Re: What's in a Meme? Reprise and paper - comments welcome

Bill Benzon (bbenzon@mindspring.com)
Fri, 18 Jul 1997 17:14:50 -0500

Message-Id: <199707182109.RAA19343@brickbat9.mindspring.com>
Date: Fri, 18 Jul 1997 17:14:50 -0500
To: memetics@mmu.ac.uk
From: bbenzon@mindspring.com (Bill Benzon)
Subject: Re: What's in a Meme? Reprise and paper - comments welcome

John Wilkins:
>... However, some memes occur
>as causal nexuses in the common discourse, that is, in societal structures.
>These are not stored as neural substrates, for they may not be recognised
>(else, why is sociology not intuitive?). They supervene on neural
>structures, but the information is not so stored.

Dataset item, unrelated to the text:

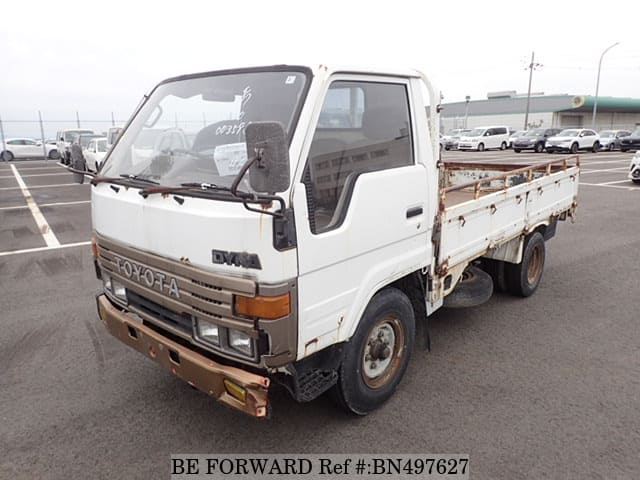 TOYOTA Dyna Truck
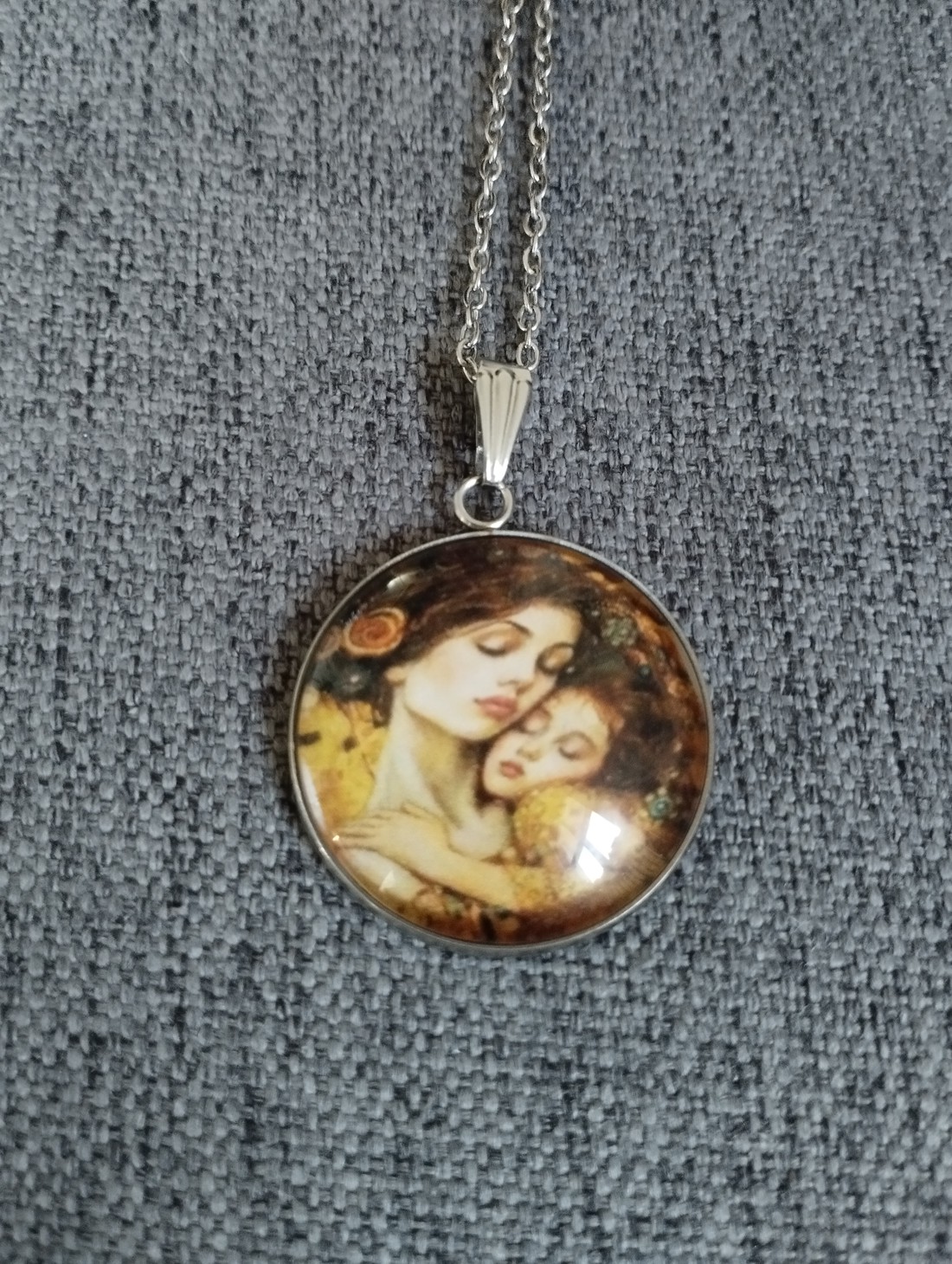 Lentile de sticlă, colier din oțel medical cu motiv Klimt - - Artynos.ro Lentile de sticlă, colier din oțel medical cu motiv Klimt - - Artynos.ro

I don't understand this. Are you saying that social structures are not
stored in the brains of people enacting them? If not there, then where?
In the aether? & does that mean we have aetherically active memes? Is
supervention the process whereby aetheric memes interact with material
memes?

Or do you mean to indicate that social structures are an "emergent"
phenomenon? That is, individuals interact according to rules encoded in
their brains, but the interaction of individuals results in patterns of
social interchange which are not themselves encoded (do birds have to be
explicitly wired to fly in V formation in order for V formations to occur
in flying flocks?). If this is what you have in mind, well, we don't need
memes of any sort to emergent behavior. All we need are the various rules
stored locally in the brains of individuals.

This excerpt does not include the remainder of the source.